Positano is the most steep, the oldest, and possibly most picturesque of the seaside towns.  We didn’t get off the bus in Positano but it is easy to admire from the road.

We spent some time looking around Amalfi and particularly at the cathedral, which is very grand for such a small place – this is because Amalfi was once a maritime hub, so powerful it minted its own coins. It was devastated by a tsunami and plague centuries ago but signs of its past wealth remain.

In all the towns along the coast beaches are divided into sections. The largest is for the people who rent loungers for the day and a much smaller part is sectioned off for people who just want to lay a towel down. I find this process offensive – beaches should be for everybody, not a select few, but at least in Amalfi people can put their towels down even between the loungers if there’s space.

Admittedly Luke and I didn’t swim at any of the beaches. Apart from the beaches consisting of boiling hot grey pebbles or grit, it is hard to enjoy a beach when there are only two of you. There’s no way we’d leave our bags unattended which means only one of us could get in the water at a time.

Fortunately Luke did some research and found that were at least three hotels in Sorrento that would let non guests use their pools for a fee. We found the Hotel Central was cheapest and enjoyed several cocktails and a peaceful swim in their small and quiet pool.

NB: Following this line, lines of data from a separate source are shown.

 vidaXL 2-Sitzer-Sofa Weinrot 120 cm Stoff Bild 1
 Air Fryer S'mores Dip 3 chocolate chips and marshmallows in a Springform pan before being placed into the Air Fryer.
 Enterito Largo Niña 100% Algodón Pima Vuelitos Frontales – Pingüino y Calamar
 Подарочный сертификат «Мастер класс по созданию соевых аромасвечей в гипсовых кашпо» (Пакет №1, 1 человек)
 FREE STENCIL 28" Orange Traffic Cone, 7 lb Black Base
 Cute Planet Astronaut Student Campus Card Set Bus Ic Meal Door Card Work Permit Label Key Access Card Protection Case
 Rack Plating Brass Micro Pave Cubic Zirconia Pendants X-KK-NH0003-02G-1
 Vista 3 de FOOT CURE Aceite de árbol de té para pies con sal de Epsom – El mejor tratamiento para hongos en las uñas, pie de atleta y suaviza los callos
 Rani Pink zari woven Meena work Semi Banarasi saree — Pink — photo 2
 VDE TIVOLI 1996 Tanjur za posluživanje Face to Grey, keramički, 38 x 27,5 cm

Happy days!

Luke loves the blue drinks!

Also check out the little awning on the beach chairs here! You’ve probably all seen this before but I thought it was nifty. More useful if the chair is actually in the sun but you get the idea.

So, we spent one of our days in Sorrento travelling the length of the coast, then our last full day saw us head back to Amalfi, again on the 6:30am bus, to catch the next bus to Ravello. Obviously the next Ravello bus departed just as our bus pulled in (because Italy) so we waited for half an hour then managed to grab a seat. The ride up to Ravello is perhaps less hair-raising than the drive along the cliffs but the road is even narrower in places (at one point it is only one car wide) and the hairpin bends are even more tight.

Ravello town square.

We had breakfast and a wander around Ravello, looking at the Cymbrone Gardens (where parts of Wonderwoman were filmed) and admiring the views of the hills from higher up before heading back to the bus.

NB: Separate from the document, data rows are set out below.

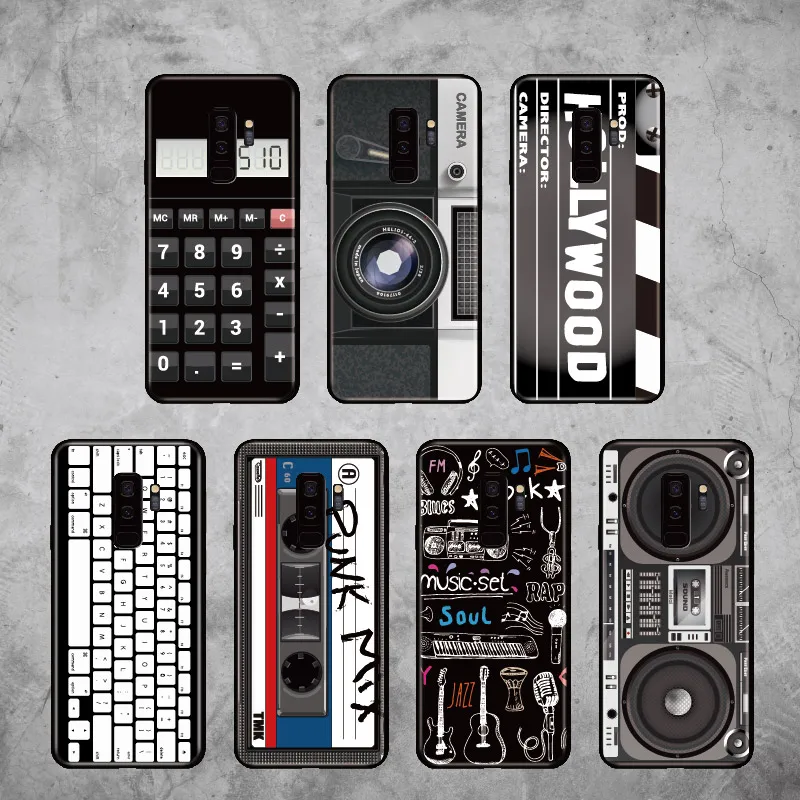 

For Samsung Galaxy S8 S9 S10 S10e Plus E lite Note 8 9 10 A7 A8 Retro Vintage Camera Cassette Music Soft Bumper Phone Case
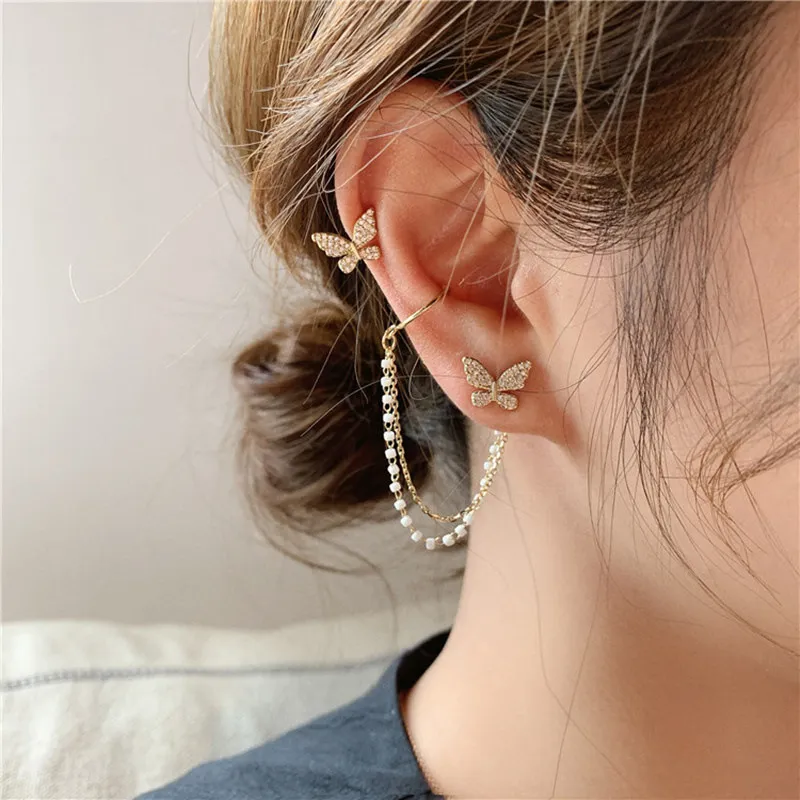 Trendy Korean Elegant Cute Fashionable Rhinestone Butterfly Stud Earrings for Girls Simple Stylish - Pearl Stud Earring for Women Simple New Collection 4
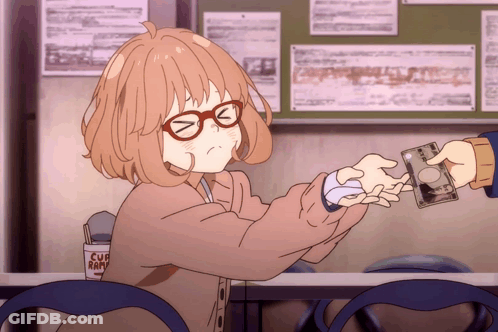 A Girl With Glasses And A Cup Of Ramen In Her Hand GIF
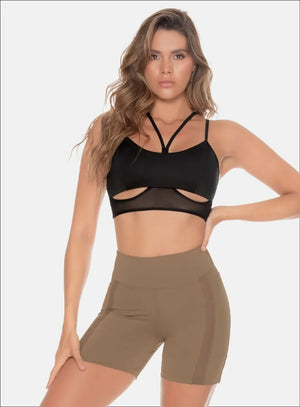 Top deportivo color negro para mujer, marca BABALÚ, referencia 110293, vista frontal. Compra al por mayor en babalu.com.co en COP.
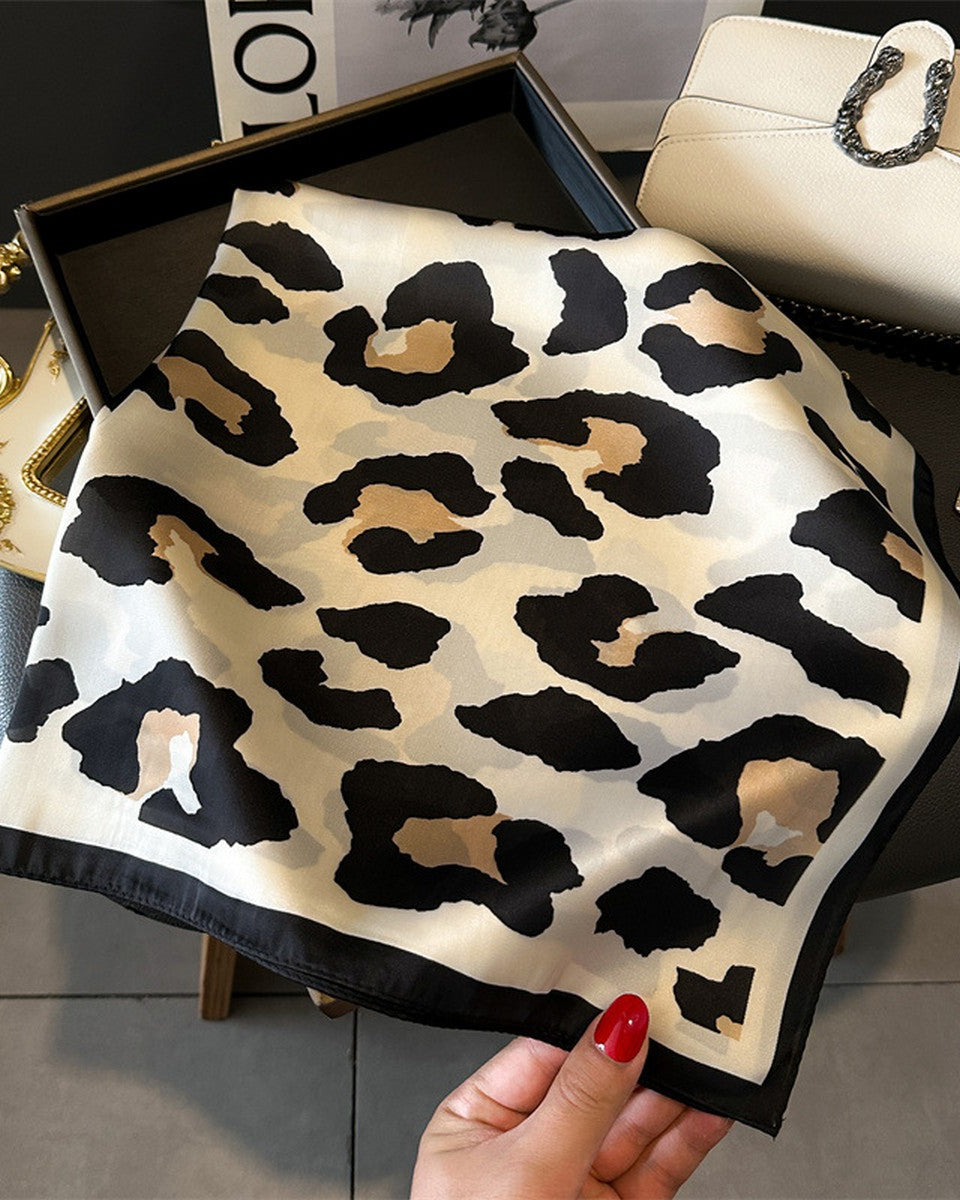 Leopard Print Satin Square Scarf
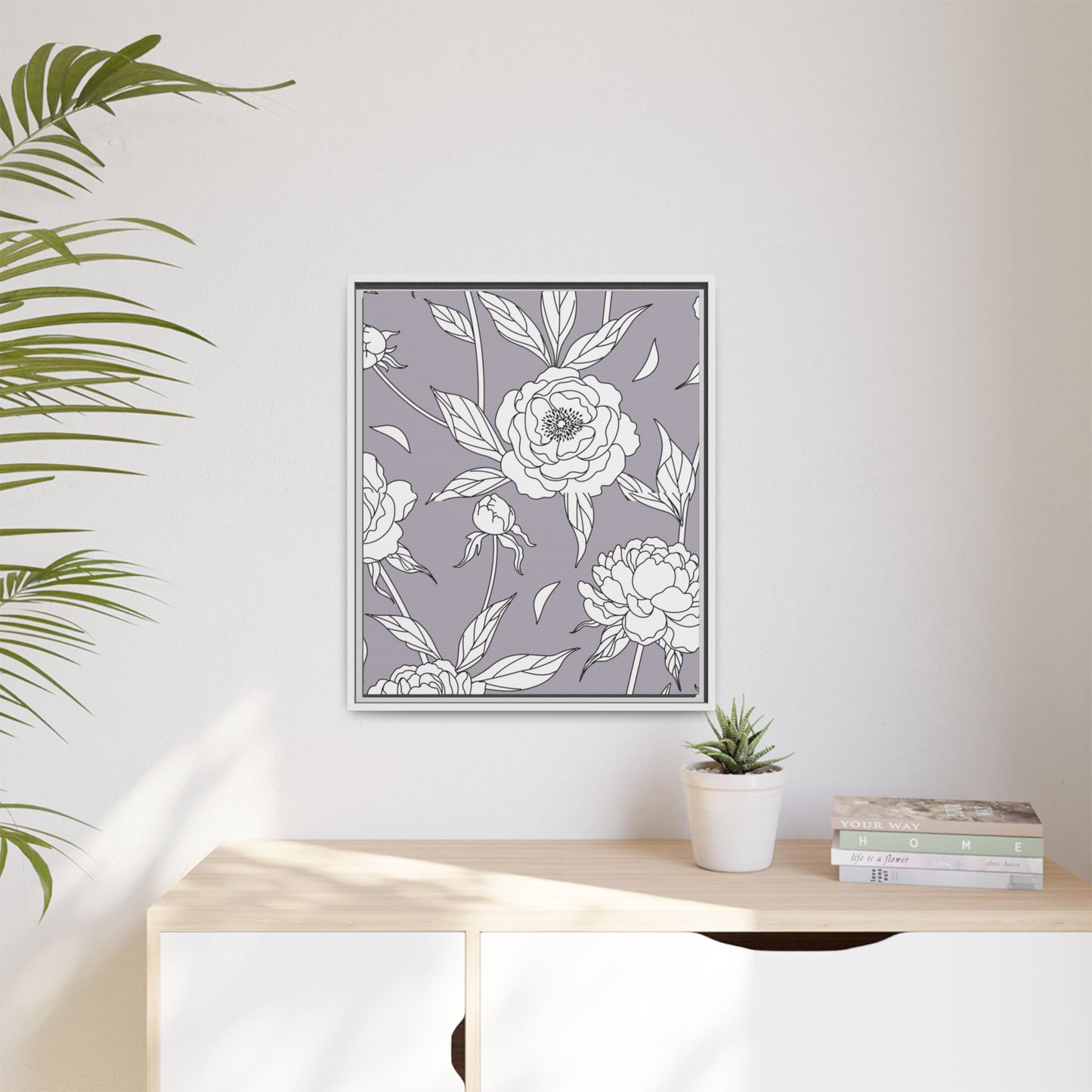 Floral Matte Canvas, White Wooden Framed, Bathroom Decor, Matching Shower Curtain Available, purplegray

There was a huge crowd waiting to catch the bus back and Luke made it on before the bus driver cut everyone off. I called out ‘my husband!’ and pointed to Luke and the driver kindly let me board last. This meant I had to sit right next to the bus door with my back pressed against the front window and leaning against it so the driver could see his mirrors.

Going through a tunnel backwards in a bus.

Going through a tunnel backwards in a bus.

It was kind of fun in a white-knuckled way and an older lady in the front seat kept smiling and grimacing understandingly at me when we sped up or turned a tight bend. When people got up to get off towards the end of the route everyone was very courteous about making space and letting older people sit down, as well as letting the driver know what was going on at the back door of the bus.

By the time we got back to Amalfi to catch our last bus to Sorrento there was a huuuuuge group of people waiting in the bus bay and so I went off to investigate other options and we ended up deciding to pay an extra ten euro to buy a seat on the private ‘city explorer’ bus (you know those red ones you see in major cities) that only sold enough tickets to fill the seats. No standing room and better aircon. Totally worth it!

Catching the buses along the Amalfi Coast is quite an experience and can be exhausting. There are big scrums, people push and shove a bit and it’s frustrating if you don’t know precisely where the bus stop is. Staying in Sorrento worked out well as we were at the beginning of the line and therefore always got a seat in the mornings – important when the ride is nearly two hours long.

If you’re thinking of visiting the area and catching buses my advice would be to go out of season. Of course if you enjoy combat sports and the smell of sweaty strangers and bus exhaust fumes then by all means go in Summer!

The lady with the red bag kept my spirits up;-)

The driver who let me ride shotgun. He looks so relaxed!

Perfectly suited to a full size bus.